Nice job with that one and a great contribution to the case swap.

Cheers
Dick


----------



## n87 (15/9/16)

*#22 Dick's Dirty Dubbel*

Pours clear and golden, small tight persistent head

Aroma: Sweet malt, a bit of spice and a dark sugar smell like treacle or molasses.

Taste: Spice up front, Malt and sweet fruits, and a bit of pepper on the back end. No alcohol to note

Mouthfeel: Medium-Light, Smooth, Maybe a little low carb for style, but i like it that way 

Overall, Enjoyable beer, glad i have another one to put aside for a bit longer.
Note: This beer seems to have a favourite temp. Cold... well its cold. as it passes its best, it starts getting thinner and you seem to loose some of the malt taste.


*#13 Oaked Strong Ale*

Didnt take full notes for this one, Had it after a long (44 hours long) day before crashing, but from memory:

This took a long time to pour... like a long time... and even after that i only had ~50ml of liquid in a pint glass.
My sample was over carbed, which would likely explain the head.
carbonic acid makes itself known and I couldnt catch any oak.
Overall, there was quite a nice beer behind the CO2

I have another one in the fridge, ill leave it for a time that i will be in a better state to give a little better feedback.

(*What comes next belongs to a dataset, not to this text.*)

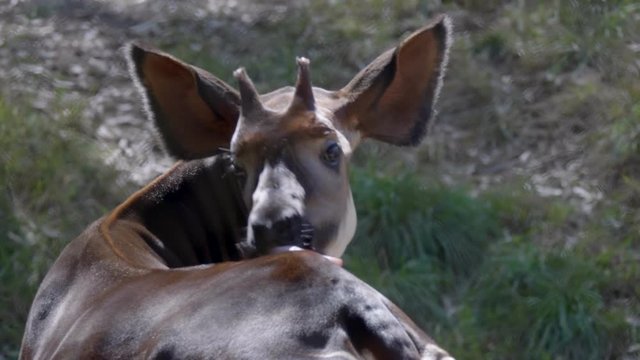 Okapi leaks his top back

Re: *#3* Its not necessary a bad beer, but i woudnt order it gain if you get my meaning.
Dark belgians (dubbel, quad etc) are usually hit or miss with me, much more a fan of the lighter ones (tripel, blonde etc)


----------



## welly2 (16/9/16)

#15 - Belgian Golden Ale

I *really* like this one. It has the right level of bitterness, sweetness and fruity Belgian esters. I think it ticks pretty much all the boxes on the description. Well done mattfos01. Have you got any more?


----------



## n87 (16/9/16)

welly2 said:


> #15 - Belgian Golden Ale
> 
> I *really* like this one. It has the right level of bitterness, sweetness and fruity Belgian esters. I think it ticks pretty much all the boxes on the description. Well done mattfos01. Have you got any more?



Just trying this one myself, and agree with the above.

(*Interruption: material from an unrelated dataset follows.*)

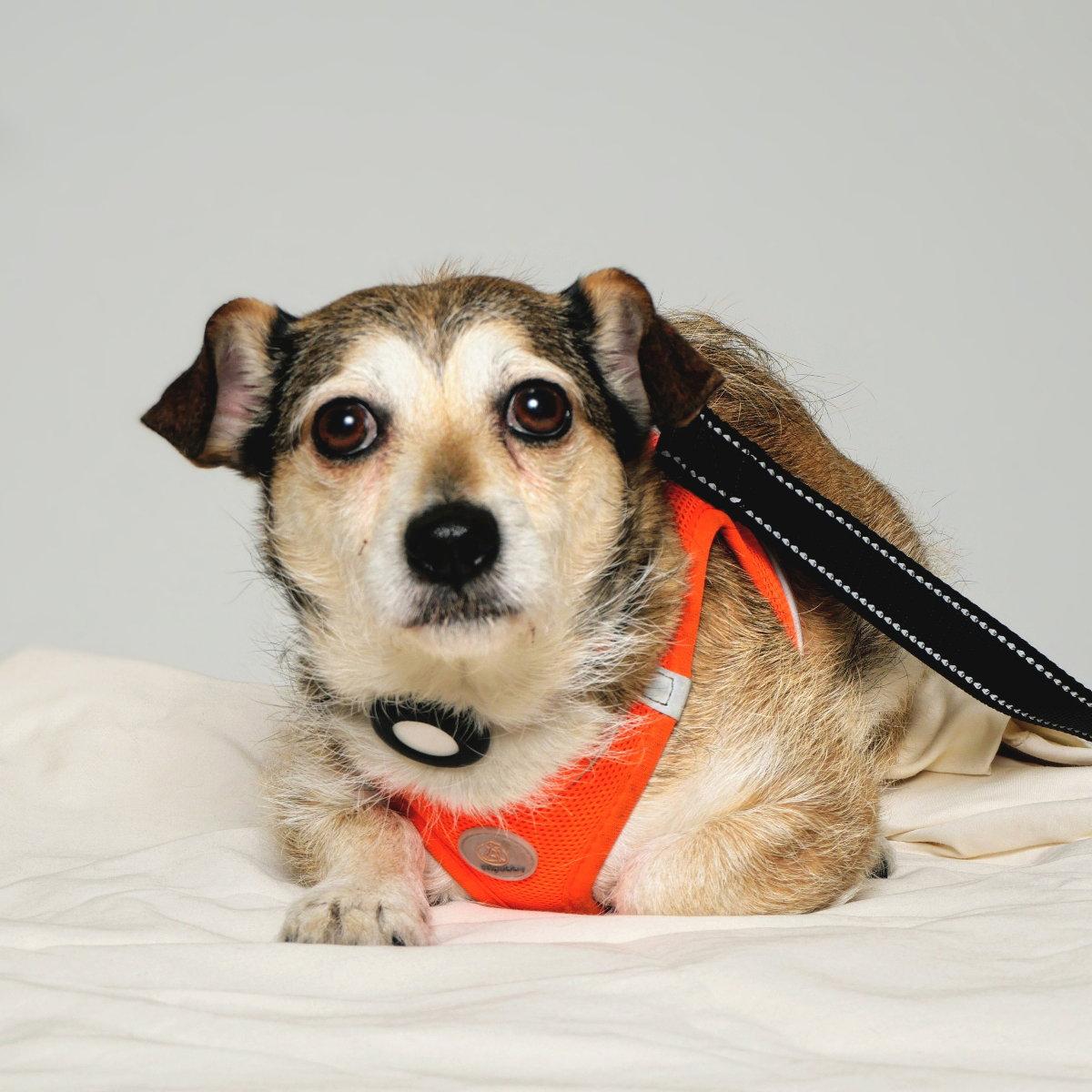 Ava, a Adoptable Mixed Breed in Oakland, CA image 1/3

Pours a slightly hazey golden with low semi course head

Aroma: Sweet, with some pepper

Taste: Spicey, peppery, carbonicy, a touch of bubblegum and a very subtle alcohol on the back end.

Mouthfeel: High carbonation, Dry, really smooth with just a tickle of alcohol warmth

Overall, This is a nice beer... not much more to say, really enjoying this.


----------



## mattfos01 (17/9/16)

welly2 said:


> #15 - Belgian Golden Ale
> 
> I *really* like this one. It has the right level of bitterness, sweetness and fruity Belgian esters. I think it ticks pretty much all the boxes on the description. Well done mattfos01. Have you got any more?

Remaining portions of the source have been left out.